Sixteen people post-stroke and 16 healthy controls performed two VR-enhanced treadmill walking sessions: the semi-immersive GRAIL session and fully immersive head-mounted display (HMD) session. Both consisted of five walking trials. After two habituation trials (without and with VR), participants walked three more trials under the following conditions: matched, slow, and fast optic flow. Primary outcome measures were spatiotemporal parameters and lower limb kinematics. Secondary outcomes (simulator sickness, enjoyment, and sense of presence) were assessed with the Simulator Sickness Questionnaire, Visual Analogue Scales, and Igroup Presence Questionnaire.
When walking with the immersive HMD, the stroke group walked with a significantly slower cadence (-3.69strides/min, p = 0.006), longer stride time (+ 0.10 s, p = 0.017) and stance time for the unaffected leg (+ 1.47%, p = 0.001) and reduced swing time for the unaffected leg (- 1.47%, p = 0.001). Both groups responded to the optic flow speed manipulation such that people accelerated with a slow optic flow and decelerated with a fast optic flow. Compared to the semi-immersive GRAIL session, manipulating the optic flow speed with the fully immersive HMD had a greater effect on gait biomechanics whilst also eliciting a higher sense of presence.
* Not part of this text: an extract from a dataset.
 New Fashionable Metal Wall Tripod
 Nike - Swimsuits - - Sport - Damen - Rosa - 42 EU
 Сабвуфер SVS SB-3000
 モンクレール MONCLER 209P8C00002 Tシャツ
Adding fully immersive VR while walking on a self-paced treadmill led to a more cautious gait pattern in people post-stroke. However, walking with the HMD was well tolerated and enjoyable. People post-stroke altered their gait parameters when optic flow speed was manipulated and showed greater alterations with the fully-immersive HMD. Further work is needed to determine the most effective type of optic flow speed manipulation as well as which other principles need to be implemented to positively influence the gait pattern of people post-stroke.
The study was pre-registered at ClinicalTrials.gov (NCT04521829).
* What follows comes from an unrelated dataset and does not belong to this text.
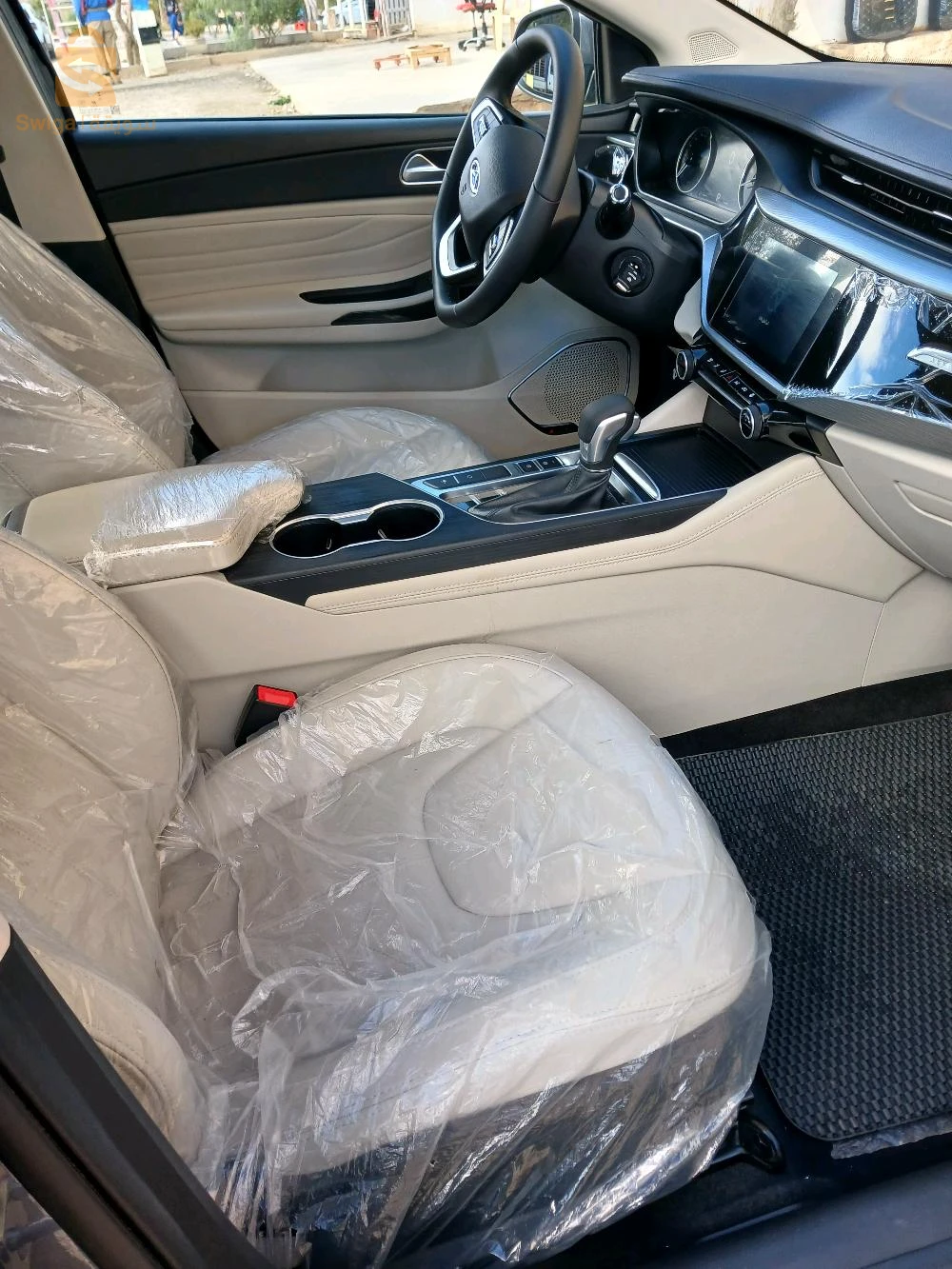 a vendre arrizo 5 luxury www 00 retouche rouler 3000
在跑步机上行走时,人们会体验到视动流(即运动时的视觉运动),但跑步机上不存在视动流。借助虚拟现实(VR),人们可以控制视动流,从而改变行走方式。本研究旨在调查:(1)完全沉浸式 VR 和视动流速度控制对脑卒中患者和健康人的步态生物力学、模拟器不适和愉悦感的影响;(2)沉浸水平对视动流速度和存在感的影响。
16 名脑卒中患者和 16 名健康对照者进行了两次 VR 增强跑步机行走测试:半沉浸式 GRAIL 测试和完全沉浸式头戴式显示器(HMD)测试。两个测试均包括 5 次行走测试。在两次适应测试(无 VR 和有 VR)后,参与者在以下三种条件下进行了 3 次行走测试:匹配、慢和快视动流。主要结局测量指标是时空参数和下肢运动学。次要结局(模拟器不适、愉悦感和存在感)通过模拟器不适问卷、视觉模拟量表和 Igroup 存在感问卷进行评估。
当使用沉浸式 HMD 行走时,脑卒中组的步频明显变慢(-3.69 步/分钟,p=0.006),步幅时间延长(+0.10 秒,p=0.017),未受影响的腿站立时间延长(+1.47%,p=0.001),未受影响的腿摆动时间减少(-1.47%,p=0.001)。两组都对视动流速度的变化做出了反应,即视动流速度变慢时人们会加速,视动流速度变快时人们会减速。与半沉浸式 GRAIL 测试相比,使用完全沉浸式 HMD 来控制视动流速度对视动流速度对步态生物力学的影响更大,同时也产生了更高的存在感。
在跑步机上行走时增加完全沉浸式 VR,会导致脑卒中患者的步态模式更加谨慎。然而,使用 HMD 行走是可以耐受和愉悦的。当视动流速度发生变化时,脑卒中患者会改变他们的步态参数,并且在使用完全沉浸式 HMD 时,会发生更大的变化。还需要进一步的研究来确定最有效的视动流速度控制类型,以及需要实施哪些其他原则来积极影响脑卒中患者的步态模式。
该研究在 ClinicalTrials.gov 上进行了预注册(NCT04521829)。